The first hurdle to get over: are you repeating a topic that has been raised in the past? If so, then yours will be rejected.
You must then choose the correct government department and if you don’t, that will delay matters as the clerks decide where it should go.
Then there is the content of the petition, it cannot hold confidential, libellous, false, defamatory or offensive statements and jokes or nonsense are also out (does the civil service have a sense of humour?).
The petition must also be a ‘request for action’ in other words you want the MP to try and bring about a change in the law.
If your e-petition is rejected for any of the above reasons, you will get an email explaining why.
So let’s suppose your e-petition has met all the necessary criteria, what happens next?
Well that was the easy part, what you now have to do is obtain 100,000 e-signatures to allow the petition to reach the next stage, and each of those people have to supply a name, postal address and email address.
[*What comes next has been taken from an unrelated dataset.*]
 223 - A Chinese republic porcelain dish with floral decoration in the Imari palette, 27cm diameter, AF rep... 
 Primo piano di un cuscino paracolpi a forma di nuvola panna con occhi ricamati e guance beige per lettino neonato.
Your e-petition is ‘open’ for 12 months during which time you need to collect the necessary number of signatures. This is where many of the newspaper campaigns are successful due to their readership numbers.
But let’s assume you manage to gather the required number of signatures; after all that hard work you would think the next step would be your e-petition being heard in the House of Commons. In fact many people presume that this is the case.
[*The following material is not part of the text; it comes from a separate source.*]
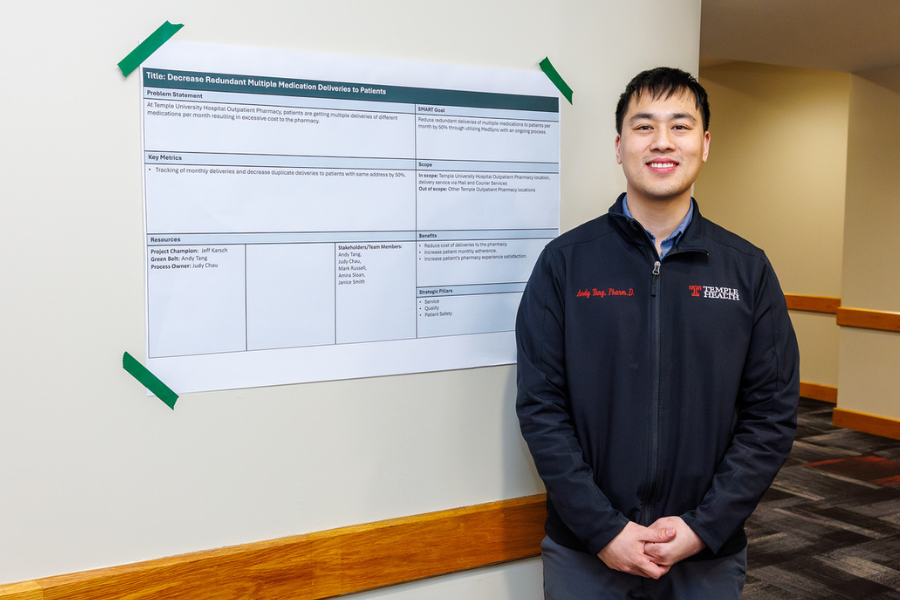 Andy Tang, Manager of the TUH-Main Campus Outpatient Pharmacy, with his poster on his project, "Reduction in Duplicate Pharmacy Deliveries (Mail & Courier)."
Not so; there is no guarantee it will be heard. All petitions, whether conventional paper ones or electronic, are put into a green bag that hangs behind the Speaker’s Chair and it is only if the minister in question is granted enough time that the petition is put before the House.
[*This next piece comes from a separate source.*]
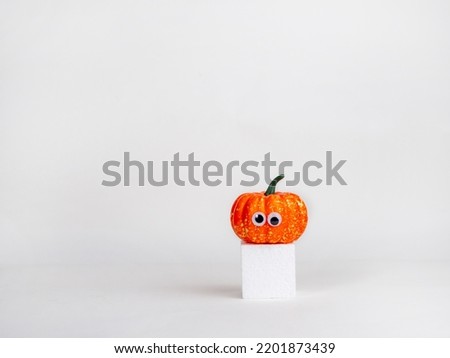 Funny pumpkins with eyes on a white cube. Halloween concept. Creative idea.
To give you some idea of the success rate of e-petitions, in the 12 months to August 2012 the GDS that is headed up by Peter Herlihy recorded:
- 36,000 e-petitions submitted
- 47% were rejected
- 1,600 valid e-petitions were ‘opened’
- 17 million unique site visits
- 38% of visitors signed an e-petition
- 6,400,000 signatures were collected
- 10 e-petitions attained the required 100,000 signatures
So it doesn’t take a genius to work out the system does not seem to add much value to our democratic right to petition our MPs and in fact Labour MP Natascha Engel warned the government in November 2011 that the public would become disillusioned with the new e-political process. Engel said:
“The popular expectation is that when it reaches the magic 100,000 threshold not only does it trigger a debate, but a debate on the floor of the house, a vote and then a change in the law. I don’t think it is possible to change that perception.”
The other disturbing fact is that the data can be reused to analyse the geographic distribution of sentiment on contentious public issues.
So it looks like the Big Brother family is growing albeit surreptitiously.